▶ **Exercise**:
Find the line that contains "this 1344×896 image.". Copy it and every line after it to the end of the material below, exactly, with no pictures.

▶ **Available records**:

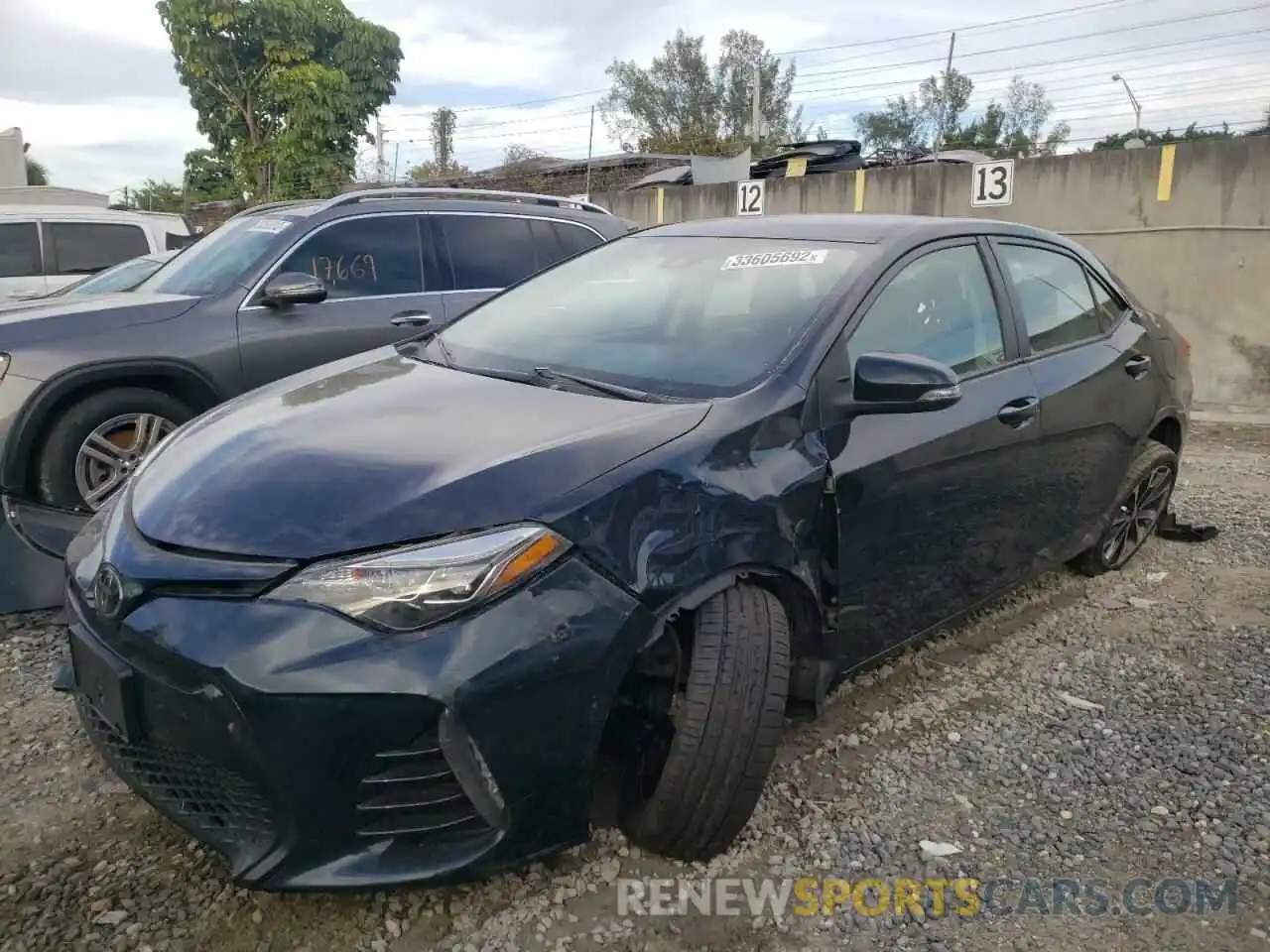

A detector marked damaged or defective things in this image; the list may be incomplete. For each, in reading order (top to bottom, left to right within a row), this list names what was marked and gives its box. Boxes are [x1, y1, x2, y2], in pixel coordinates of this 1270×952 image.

damaged toyota corolla [57, 212, 1191, 889]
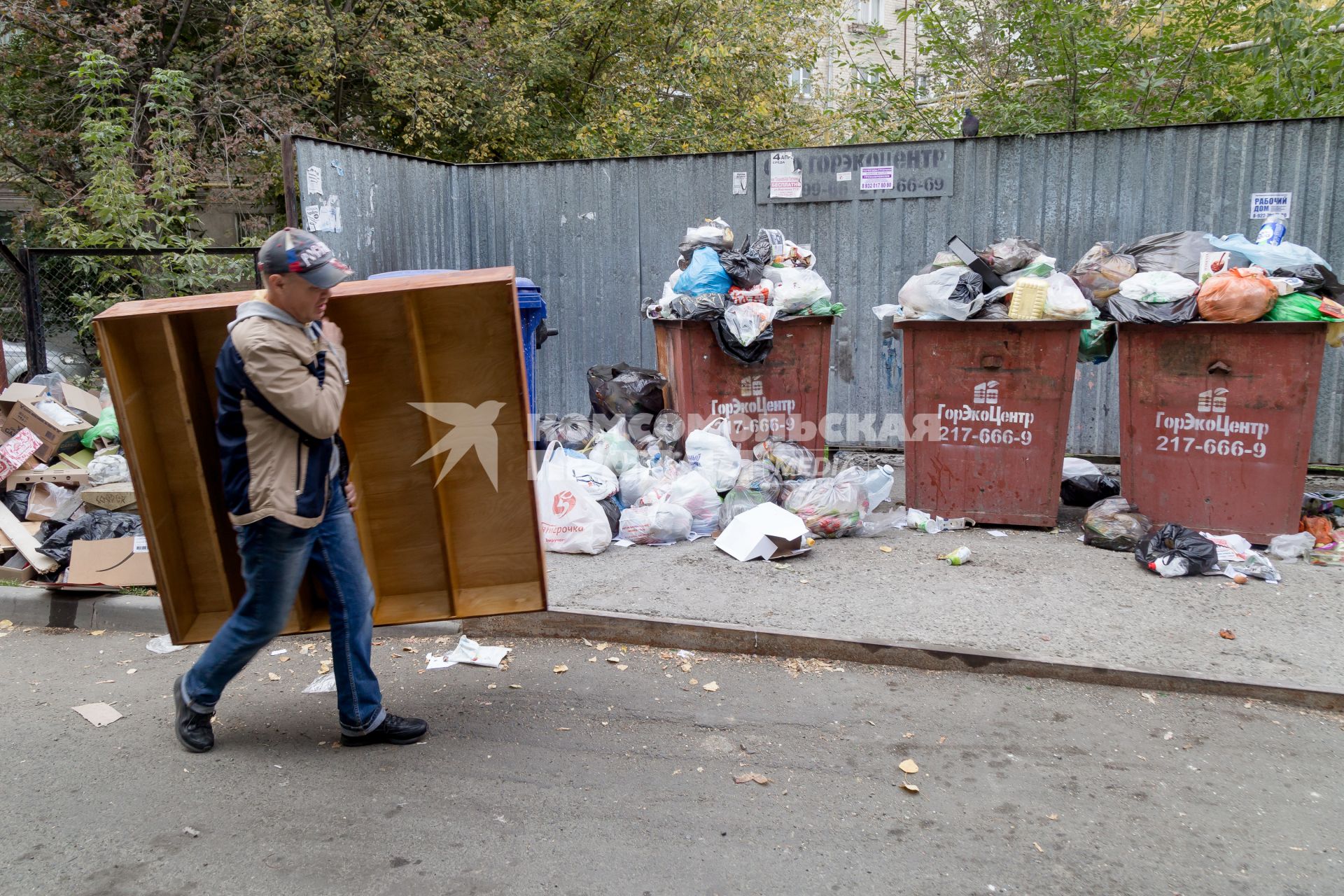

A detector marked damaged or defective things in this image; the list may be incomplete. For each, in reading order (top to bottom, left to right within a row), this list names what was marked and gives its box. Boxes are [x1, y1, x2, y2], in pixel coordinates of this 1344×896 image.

rusty metal container [650, 316, 829, 454]
rusty metal container [896, 321, 1086, 526]
rusty metal container [1114, 323, 1322, 543]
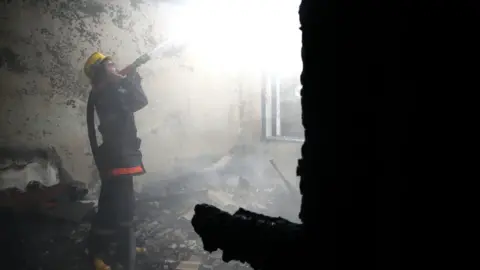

▶ **Solution for this problem**:
A detector marked damaged or defective things in this image; the list may be incomplete. For each, in reading order (top to bottom, left to right within a row), this list names what was marked and gives its box. Boxes are [x1, y1, x2, y2], in pixel coordinates of this 1344×896 image.

rusty metal container [650, 316, 829, 454]
rusty metal container [896, 321, 1086, 526]
rusty metal container [1114, 323, 1322, 543]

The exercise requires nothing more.